Large variability in the weighting makes it difficult for engineers, resulting in design compromises and additional stability controls which attempt to reduce inherent issues. This is not an issue for 4 wheels but is critical with 3 wheels.


Dragonfly's goal is to eliminate these issues through forward seating.  

Single rear wheel drive issues

Challenge 2- Single rear wheel drive limits traction

With higher power motors and the high torque of electric, it can be easy to spin the one rear drive wheel in a three-wheeler. If the one wheel loses traction in a turn, the vehicle can spin-out quickly and unexpectedly.  Unlike four-wheel cars, there is no second rear wheel for traction. The roll-over effect of variable weighting (as discussed above) becomes another major concern in this dynamic. 

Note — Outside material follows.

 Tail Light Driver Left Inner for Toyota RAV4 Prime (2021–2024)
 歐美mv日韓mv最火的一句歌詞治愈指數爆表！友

Mitigation via a wider rear tire helps, but if roads are wet, hydroplaning on the wide rear wheel becomes an even greater concern.


Some three-wheelers use a single driven rear wheel because it does not require a differential (making it more simplistic), and the mechanicals are easier to route if the engine is in the rear. 


Dragonfly drives power through the front wheels, which immediately and directly doubles the traction.  And if one front wheel does spin, there is another on the same axis for stability.   This is a clear solution to the rear-wheel-drive traction challenges. 

Typical vs Dragonfly Engine layout

Challenge 3- Motor Location


With existing three-wheelers, there are two typical motor layouts with rear wheel drive, and one with front wheel drive.  These layouts are similar to traditional four-wheel cars.     


For Dragonfly, the first two options are eliminated because of traction issues as discussed above, in challenge 2.  Option 3 is not viable because as seats are moved forward to create variable weight stability, the seating overlaps the traditional engine location.  


As a solution, Dragonfly places the motor in parallel with or behind the seats, and routes power forward to the front wheels.   This allows engineers to design weighting and balance based on the fixed weight of the motors and other components while maintaining forward seating and front wheel drive.  Space limitations and other design concerns such as doors and steering routing are also addressed. 


Dragonfly is the first to take this rear engine / front wheel drive approach.  The ICE (gasoline) model has a single rear motor, and the 

E-Series (electric) is intending to use dual rear motors.  

 

The Dragonfly design doesn't make sense on a 4-wheel car; however, it addresses the unique challenges of a three-wheeler.

The three tech elements of the unique design

Three wheelers are unique with specific engineering challenges that do not apply to traditional four-wheel approaches.  Dragonfly has engineered for these challenges through 3 key design elements:

. 

  1. Forward seating in order to put variable passenger weight closer to the ideal location for stability, 
  2. Front wheel drive for double the traction,
  3. Mid/Rear engine placement behind the front wheels with a drive train that routes power forward to the front wheels in order to support stability and traction goals.


With this arrangement, very unique shapes, doors, and driving excitement levels emerge.  It offers a new view on vehicle designs.


We hope these concepts will be adopted by all three-wheeler manufacturers, essentially creating a new class of vehicles.  The concepts apply to one, two, three, or four passenger three-wheeler designs, and any body styles.